DUE TO SPAM, SIGN-UP IS DISABLED. Goto Selfserve wiki signup and request an account.
Status
| State | Accepted |
| Discussion Thread | |
| Vote Thread | [LAZY,CONSENSUS] Example dags |
| Vote Result Thread | Re: [LAZY,CONSENSUS] Example dags |
| Progress Tracking (PR/GitHub Project/Issue Label) | Github Project "Airflow Examples Refurbish" |
| Date Created |
|
| Version Released | tbd. |
| Authors |
Motivation
Airflow Examples have been grown in number and focus over the past years.

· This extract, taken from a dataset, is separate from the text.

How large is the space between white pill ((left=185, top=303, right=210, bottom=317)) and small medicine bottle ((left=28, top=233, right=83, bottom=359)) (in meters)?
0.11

They purpose multiple things:
- Serve as tutorials to learn Airflow DAG implementation
- Serve with code snippets for documentation
- Serve for testing the setup
- (some) service for CI integration testing
Some example DAGs are in a good quality, some are not following best practices. Current examples do not follow a structure.

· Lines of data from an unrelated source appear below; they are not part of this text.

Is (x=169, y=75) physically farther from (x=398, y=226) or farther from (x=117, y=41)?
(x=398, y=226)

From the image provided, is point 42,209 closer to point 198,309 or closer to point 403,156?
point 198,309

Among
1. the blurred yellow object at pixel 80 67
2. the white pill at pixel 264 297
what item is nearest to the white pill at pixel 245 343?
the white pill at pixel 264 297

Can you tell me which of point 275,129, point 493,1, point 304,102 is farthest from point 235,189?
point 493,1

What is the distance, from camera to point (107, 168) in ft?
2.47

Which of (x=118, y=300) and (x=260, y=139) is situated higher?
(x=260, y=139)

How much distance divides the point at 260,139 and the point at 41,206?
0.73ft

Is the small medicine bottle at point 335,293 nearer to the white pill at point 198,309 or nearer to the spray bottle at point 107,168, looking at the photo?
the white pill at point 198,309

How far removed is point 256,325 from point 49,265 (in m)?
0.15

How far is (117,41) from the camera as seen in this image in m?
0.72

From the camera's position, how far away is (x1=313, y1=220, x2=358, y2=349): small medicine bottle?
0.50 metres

There are example DAGs contained in the Airflow core (currently pushed to standard provider/example_dags) as well as there are more examples in other providers. But examples from other providers are lot loaded automatically.
So in the Airflow 3 Dev Calls there was a demand named to clean-up and optimize example DAGs.
Considerations / Targets
- The number of examples should be reduced to 20-30
- If possible examples from docs should be represented in examples. Some code examples which are stand-alone in code should be moved into examples if possible.
- Otherwise example content not referenced in documentation might be questioned if beneficial
- If possible examples should be directly usable by copy&paste (consider imports for integrated snippets)
- Examples should be arranged along a story-line if possible which might represent a virtual company and support real-life use cases. Might be good if we can structure it as growth of use-cases bringing in need for more features. i.e. starting off basic transformation → needing more complex task so using groups → using sensors, assets... showing progression of usage with project/company maturity.
- Examples should follow best practices in coding
- Existing examples should be reviewed which DAGs are just used for testing. Testing DAGs should be separated and not pollute the example collection
- Some examples are specific for providers. They should be moved to provider packages
- A mechanism is to be created that uses DAG bundle loading mechanism to load example DAGs from providers w/o need to copy them to global examples.
- Same like today if loading of example DAGs is enabled also needed plugins e.g. timetables should be usable out-of-the-box
Storyline
Current idea:
- "Tailwind" - A virtual / non existing wind park energy company that powers a farm of win-mills to produce clean energy. The company has a strong demand to ETL sensor data from the windmills as well as need to act on data events when base data changes or contracts with customers renew. The company values also the DEI rules and has sustainable targets for clean energy and CO2 reduction.
Event driven case: New data is dropped on a file system (S3 would be great but can not be executed w/o S3, can be added to AWS provider as extension) that triggers data processing for wind energy. Data is loaded and Asset events are generated (see Github Issue 52481)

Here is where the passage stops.